:: EXCERPTED DATA ::
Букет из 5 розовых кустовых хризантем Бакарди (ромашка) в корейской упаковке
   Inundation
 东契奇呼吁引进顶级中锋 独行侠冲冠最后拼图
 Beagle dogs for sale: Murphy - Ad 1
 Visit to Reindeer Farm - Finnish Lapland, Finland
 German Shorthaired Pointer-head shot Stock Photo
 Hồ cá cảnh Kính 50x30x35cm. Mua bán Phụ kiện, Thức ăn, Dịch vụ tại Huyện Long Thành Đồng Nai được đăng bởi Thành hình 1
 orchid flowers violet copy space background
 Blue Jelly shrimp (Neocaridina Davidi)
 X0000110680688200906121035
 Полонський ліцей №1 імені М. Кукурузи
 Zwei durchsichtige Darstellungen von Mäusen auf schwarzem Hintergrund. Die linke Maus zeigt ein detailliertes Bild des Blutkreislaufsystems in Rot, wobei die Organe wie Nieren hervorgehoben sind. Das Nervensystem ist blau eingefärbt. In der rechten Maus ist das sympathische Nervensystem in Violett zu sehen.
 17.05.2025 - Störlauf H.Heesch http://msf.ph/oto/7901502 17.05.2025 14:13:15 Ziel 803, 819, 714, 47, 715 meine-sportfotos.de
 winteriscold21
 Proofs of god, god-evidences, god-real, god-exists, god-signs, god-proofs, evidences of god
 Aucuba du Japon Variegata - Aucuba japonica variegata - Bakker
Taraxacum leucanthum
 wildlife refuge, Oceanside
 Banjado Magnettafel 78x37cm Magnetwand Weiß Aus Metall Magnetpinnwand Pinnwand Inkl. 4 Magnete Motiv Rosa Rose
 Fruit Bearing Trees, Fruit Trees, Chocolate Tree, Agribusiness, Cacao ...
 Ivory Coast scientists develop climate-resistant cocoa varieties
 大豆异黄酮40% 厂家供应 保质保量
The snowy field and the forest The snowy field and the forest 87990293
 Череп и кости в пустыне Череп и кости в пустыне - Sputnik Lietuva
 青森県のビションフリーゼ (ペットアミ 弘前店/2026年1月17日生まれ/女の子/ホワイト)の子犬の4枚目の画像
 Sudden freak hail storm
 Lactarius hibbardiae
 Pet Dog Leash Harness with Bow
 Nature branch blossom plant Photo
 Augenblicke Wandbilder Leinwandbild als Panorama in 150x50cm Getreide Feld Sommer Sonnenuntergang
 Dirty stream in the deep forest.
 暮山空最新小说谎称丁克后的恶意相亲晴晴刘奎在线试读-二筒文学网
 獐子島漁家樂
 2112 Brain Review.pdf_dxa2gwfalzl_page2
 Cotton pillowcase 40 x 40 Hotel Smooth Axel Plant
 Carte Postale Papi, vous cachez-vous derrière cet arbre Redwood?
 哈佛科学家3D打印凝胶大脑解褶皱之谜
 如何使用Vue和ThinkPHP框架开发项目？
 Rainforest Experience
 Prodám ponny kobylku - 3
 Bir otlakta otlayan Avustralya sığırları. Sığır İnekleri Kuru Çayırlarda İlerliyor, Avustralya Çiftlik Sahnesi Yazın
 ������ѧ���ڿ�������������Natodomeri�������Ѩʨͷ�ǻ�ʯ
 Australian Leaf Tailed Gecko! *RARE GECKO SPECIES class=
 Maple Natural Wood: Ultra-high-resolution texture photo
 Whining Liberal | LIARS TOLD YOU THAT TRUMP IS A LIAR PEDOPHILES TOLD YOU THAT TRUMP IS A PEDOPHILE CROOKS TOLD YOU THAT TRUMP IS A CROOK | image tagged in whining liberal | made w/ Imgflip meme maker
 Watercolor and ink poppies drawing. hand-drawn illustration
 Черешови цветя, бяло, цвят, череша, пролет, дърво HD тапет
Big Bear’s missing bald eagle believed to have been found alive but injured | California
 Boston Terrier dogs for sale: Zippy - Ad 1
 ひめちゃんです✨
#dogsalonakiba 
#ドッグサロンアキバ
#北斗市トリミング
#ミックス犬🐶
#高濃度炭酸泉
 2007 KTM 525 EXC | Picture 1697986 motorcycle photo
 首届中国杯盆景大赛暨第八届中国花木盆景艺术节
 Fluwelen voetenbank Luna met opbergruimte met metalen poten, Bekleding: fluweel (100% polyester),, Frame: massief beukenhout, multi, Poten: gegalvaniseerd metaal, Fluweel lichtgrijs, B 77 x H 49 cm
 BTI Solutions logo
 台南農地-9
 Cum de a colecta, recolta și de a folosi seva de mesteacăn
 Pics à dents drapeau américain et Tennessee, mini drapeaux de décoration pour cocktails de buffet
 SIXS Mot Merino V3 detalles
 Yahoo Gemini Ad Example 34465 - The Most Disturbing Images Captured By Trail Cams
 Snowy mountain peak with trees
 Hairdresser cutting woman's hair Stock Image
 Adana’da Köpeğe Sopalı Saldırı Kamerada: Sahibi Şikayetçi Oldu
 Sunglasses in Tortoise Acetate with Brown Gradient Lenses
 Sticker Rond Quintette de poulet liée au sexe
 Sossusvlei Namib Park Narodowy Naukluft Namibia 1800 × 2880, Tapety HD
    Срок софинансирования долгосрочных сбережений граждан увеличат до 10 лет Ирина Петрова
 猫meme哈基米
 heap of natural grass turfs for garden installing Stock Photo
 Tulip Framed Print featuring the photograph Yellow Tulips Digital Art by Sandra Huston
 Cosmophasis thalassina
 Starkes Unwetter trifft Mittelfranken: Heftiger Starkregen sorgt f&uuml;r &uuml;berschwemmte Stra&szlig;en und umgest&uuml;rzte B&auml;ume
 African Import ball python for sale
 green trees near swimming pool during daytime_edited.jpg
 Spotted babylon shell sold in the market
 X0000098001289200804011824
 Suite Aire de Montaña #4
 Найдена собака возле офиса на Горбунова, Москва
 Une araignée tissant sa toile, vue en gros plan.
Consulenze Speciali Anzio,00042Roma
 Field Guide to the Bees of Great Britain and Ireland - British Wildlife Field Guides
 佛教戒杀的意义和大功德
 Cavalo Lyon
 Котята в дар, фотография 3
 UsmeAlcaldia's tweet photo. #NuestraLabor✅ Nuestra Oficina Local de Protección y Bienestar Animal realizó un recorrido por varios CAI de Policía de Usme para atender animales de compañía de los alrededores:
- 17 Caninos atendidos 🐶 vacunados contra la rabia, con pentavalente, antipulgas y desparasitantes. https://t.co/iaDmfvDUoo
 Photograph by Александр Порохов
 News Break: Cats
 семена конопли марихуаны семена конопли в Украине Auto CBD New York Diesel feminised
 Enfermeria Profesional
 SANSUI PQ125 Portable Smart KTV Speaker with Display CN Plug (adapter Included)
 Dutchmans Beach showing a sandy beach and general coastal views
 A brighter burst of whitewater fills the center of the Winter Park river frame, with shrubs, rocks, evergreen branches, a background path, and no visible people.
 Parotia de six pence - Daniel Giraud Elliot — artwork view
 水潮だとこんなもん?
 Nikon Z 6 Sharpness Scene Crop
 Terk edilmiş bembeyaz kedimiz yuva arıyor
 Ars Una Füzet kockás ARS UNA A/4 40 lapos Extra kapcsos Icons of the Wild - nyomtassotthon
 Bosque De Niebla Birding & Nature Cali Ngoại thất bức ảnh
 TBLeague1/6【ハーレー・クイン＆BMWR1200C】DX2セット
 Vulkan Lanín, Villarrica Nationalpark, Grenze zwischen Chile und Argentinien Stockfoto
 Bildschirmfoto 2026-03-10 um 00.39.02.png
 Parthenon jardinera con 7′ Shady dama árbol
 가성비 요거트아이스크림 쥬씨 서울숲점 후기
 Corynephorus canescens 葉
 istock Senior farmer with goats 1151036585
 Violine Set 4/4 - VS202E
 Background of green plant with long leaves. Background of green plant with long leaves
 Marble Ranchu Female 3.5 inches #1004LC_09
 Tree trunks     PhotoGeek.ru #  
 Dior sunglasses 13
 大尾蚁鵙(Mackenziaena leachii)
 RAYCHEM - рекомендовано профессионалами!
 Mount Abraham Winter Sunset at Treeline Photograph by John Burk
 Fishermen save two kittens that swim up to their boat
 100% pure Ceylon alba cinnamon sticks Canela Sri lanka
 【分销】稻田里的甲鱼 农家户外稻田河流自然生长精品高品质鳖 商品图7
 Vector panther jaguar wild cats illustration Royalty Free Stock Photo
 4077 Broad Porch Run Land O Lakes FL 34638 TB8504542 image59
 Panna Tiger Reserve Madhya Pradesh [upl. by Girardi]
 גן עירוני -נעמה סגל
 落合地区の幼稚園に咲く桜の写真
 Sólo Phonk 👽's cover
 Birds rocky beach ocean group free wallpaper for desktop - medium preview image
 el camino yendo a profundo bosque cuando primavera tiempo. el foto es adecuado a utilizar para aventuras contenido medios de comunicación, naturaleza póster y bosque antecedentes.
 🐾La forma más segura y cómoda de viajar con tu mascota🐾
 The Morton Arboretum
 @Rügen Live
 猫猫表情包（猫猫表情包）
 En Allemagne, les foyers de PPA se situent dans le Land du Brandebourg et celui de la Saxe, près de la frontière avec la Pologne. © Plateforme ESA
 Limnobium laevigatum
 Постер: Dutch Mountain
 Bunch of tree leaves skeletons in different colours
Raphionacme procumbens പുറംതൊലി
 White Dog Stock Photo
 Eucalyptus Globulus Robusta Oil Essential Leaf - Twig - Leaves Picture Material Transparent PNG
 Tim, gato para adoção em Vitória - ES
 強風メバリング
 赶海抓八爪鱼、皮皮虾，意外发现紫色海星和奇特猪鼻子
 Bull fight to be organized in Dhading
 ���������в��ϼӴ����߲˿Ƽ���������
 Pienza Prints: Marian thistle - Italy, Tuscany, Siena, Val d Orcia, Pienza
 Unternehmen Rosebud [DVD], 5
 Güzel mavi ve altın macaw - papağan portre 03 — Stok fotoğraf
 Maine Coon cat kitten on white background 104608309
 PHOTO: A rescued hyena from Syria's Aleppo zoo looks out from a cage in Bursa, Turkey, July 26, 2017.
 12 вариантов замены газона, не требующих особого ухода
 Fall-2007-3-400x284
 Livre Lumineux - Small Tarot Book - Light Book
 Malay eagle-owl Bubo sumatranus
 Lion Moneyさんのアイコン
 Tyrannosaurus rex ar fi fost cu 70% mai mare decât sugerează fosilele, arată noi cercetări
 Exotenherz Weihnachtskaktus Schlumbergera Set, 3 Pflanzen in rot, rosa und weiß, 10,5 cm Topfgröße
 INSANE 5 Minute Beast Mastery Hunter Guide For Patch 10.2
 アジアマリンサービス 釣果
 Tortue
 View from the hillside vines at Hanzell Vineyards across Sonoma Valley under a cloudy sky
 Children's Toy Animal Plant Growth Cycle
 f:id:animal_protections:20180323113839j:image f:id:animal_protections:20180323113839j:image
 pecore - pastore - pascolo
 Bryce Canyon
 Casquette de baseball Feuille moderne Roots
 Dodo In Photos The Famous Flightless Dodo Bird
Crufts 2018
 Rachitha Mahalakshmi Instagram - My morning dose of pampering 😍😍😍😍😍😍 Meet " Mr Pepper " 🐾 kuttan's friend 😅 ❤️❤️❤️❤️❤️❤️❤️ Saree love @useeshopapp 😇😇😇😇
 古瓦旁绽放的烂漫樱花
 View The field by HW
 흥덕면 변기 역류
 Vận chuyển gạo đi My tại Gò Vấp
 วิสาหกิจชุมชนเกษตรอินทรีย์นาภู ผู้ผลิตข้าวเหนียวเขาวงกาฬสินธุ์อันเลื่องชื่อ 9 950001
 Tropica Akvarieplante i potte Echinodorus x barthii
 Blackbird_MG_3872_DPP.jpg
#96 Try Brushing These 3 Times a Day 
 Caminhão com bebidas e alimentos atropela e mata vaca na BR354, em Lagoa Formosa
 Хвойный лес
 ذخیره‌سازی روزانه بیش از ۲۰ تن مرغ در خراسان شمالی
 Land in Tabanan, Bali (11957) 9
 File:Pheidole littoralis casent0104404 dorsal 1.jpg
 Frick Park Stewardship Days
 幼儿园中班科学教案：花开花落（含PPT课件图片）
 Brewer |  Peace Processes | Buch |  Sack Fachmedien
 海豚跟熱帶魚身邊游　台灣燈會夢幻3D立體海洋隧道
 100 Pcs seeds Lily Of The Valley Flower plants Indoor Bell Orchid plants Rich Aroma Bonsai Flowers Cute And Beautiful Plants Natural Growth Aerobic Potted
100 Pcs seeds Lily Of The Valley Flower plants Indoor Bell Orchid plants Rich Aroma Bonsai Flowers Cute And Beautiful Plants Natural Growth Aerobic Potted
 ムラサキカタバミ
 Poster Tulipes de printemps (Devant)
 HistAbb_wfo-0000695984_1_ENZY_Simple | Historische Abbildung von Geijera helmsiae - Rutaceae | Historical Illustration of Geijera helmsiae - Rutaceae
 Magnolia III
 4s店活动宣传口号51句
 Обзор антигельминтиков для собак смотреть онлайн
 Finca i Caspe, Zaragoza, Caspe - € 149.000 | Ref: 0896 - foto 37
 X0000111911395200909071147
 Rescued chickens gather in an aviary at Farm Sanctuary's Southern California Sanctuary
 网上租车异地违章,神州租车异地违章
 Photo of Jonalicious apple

:: DESCRIPTION OF THE TASK ::
Your reply should hold only the lines from the first line of the records through the one with "The snowy field and the forest The", reproduced word for word.

:: RESULT FOR THIS TASK ::
Букет из 5 розовых кустовых хризантем Бакарди (ромашка) в корейской упаковке
   Inundation
 东契奇呼吁引进顶级中锋 独行侠冲冠最后拼图
 Beagle dogs for sale: Murphy - Ad 1
 Visit to Reindeer Farm - Finnish Lapland, Finland
 German Shorthaired Pointer-head shot Stock Photo
 Hồ cá cảnh Kính 50x30x35cm. Mua bán Phụ kiện, Thức ăn, Dịch vụ tại Huyện Long Thành Đồng Nai được đăng bởi Thành hình 1
 orchid flowers violet copy space background
 Blue Jelly shrimp (Neocaridina Davidi)
 X0000110680688200906121035
 Полонський ліцей №1 імені М. Кукурузи
 Zwei durchsichtige Darstellungen von Mäusen auf schwarzem Hintergrund. Die linke Maus zeigt ein detailliertes Bild des Blutkreislaufsystems in Rot, wobei die Organe wie Nieren hervorgehoben sind. Das Nervensystem ist blau eingefärbt. In der rechten Maus ist das sympathische Nervensystem in Violett zu sehen.
 17.05.2025 - Störlauf H.Heesch http://msf.ph/oto/7901502 17.05.2025 14:13:15 Ziel 803, 819, 714, 47, 715 meine-sportfotos.de
 winteriscold21
 Proofs of god, god-evidences, god-real, god-exists, god-signs, god-proofs, evidences of god
 Aucuba du Japon Variegata - Aucuba japonica variegata - Bakker
Taraxacum leucanthum
 wildlife refuge, Oceanside
 Banjado Magnettafel 78x37cm Magnetwand Weiß Aus Metall Magnetpinnwand Pinnwand Inkl. 4 Magnete Motiv Rosa Rose
 Fruit Bearing Trees, Fruit Trees, Chocolate Tree, Agribusiness, Cacao ...
 Ivory Coast scientists develop climate-resistant cocoa varieties
 大豆异黄酮40% 厂家供应 保质保量
The snowy field and the forest The snowy field and the forest 87990293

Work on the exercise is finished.